TRY IT. Print the data below exactly, but only the lines from the one containing "Used Lexus LS" down to the one containing "Property photo 2 of 6 Kitchen", inclusive.
◇ ◇ ◇
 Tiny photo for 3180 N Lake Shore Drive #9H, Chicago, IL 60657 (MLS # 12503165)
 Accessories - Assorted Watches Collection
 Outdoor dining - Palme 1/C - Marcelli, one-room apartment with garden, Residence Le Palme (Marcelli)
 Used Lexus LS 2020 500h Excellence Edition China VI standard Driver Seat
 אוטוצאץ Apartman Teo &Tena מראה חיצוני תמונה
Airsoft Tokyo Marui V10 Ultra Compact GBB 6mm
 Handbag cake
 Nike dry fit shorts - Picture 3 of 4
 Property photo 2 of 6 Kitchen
◇ ◇ ◇
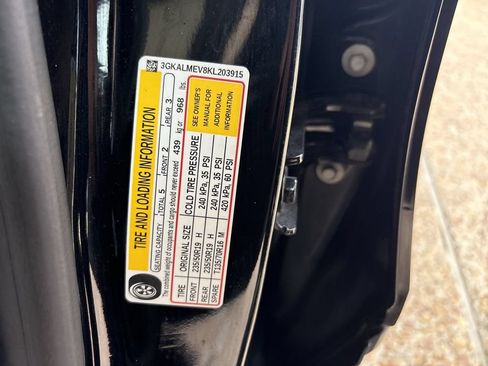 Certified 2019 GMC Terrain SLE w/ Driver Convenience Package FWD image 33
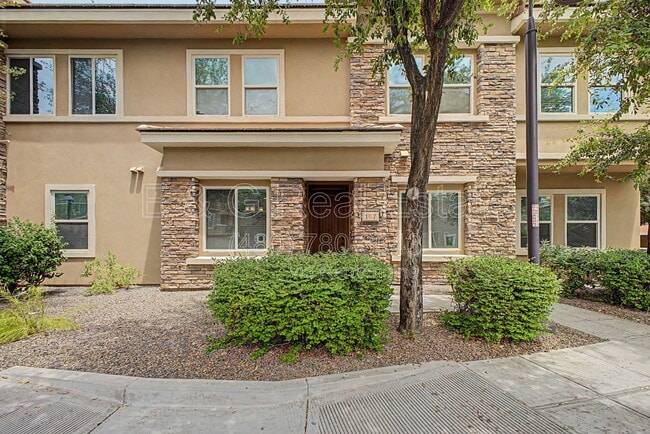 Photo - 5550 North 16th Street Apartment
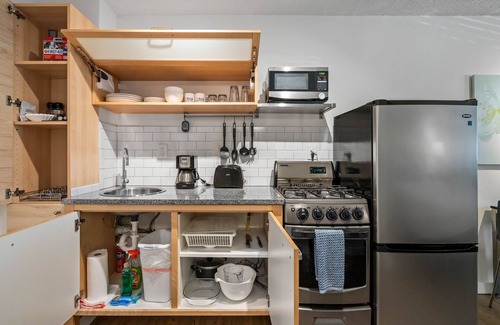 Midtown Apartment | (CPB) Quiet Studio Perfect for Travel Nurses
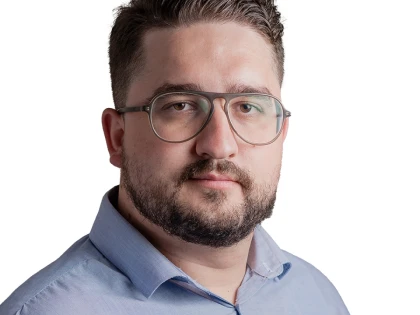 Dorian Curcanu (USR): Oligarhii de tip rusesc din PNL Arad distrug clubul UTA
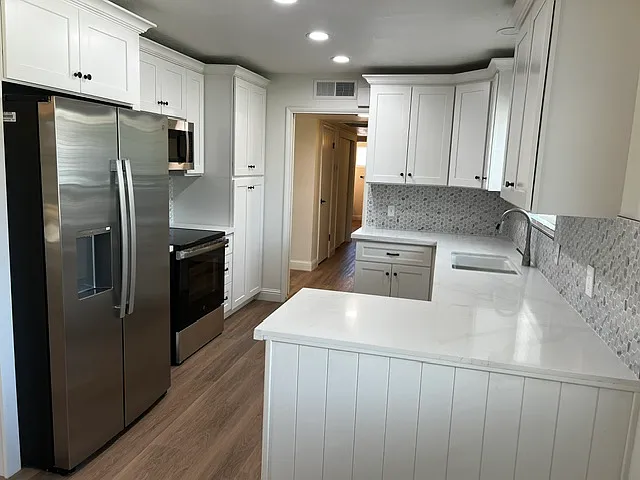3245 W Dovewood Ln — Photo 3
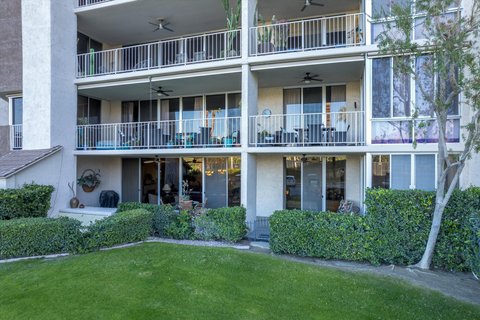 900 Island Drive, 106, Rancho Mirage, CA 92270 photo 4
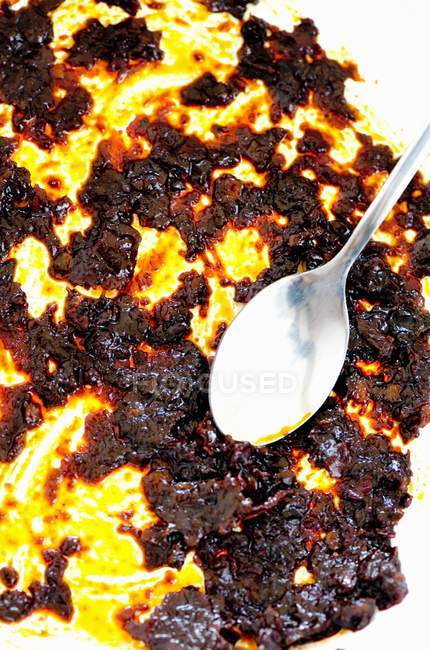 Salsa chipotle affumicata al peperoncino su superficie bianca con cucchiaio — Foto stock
◇ ◇ ◇
ANSWER AREA.
 Used Lexus LS 2020 500h Excellence Edition China VI standard Driver Seat
 אוטוצאץ Apartman Teo &Tena מראה חיצוני תמונה
Airsoft Tokyo Marui V10 Ultra Compact GBB 6mm
 Handbag cake
 Nike dry fit shorts - Picture 3 of 4
 Property photo 2 of 6 Kitchen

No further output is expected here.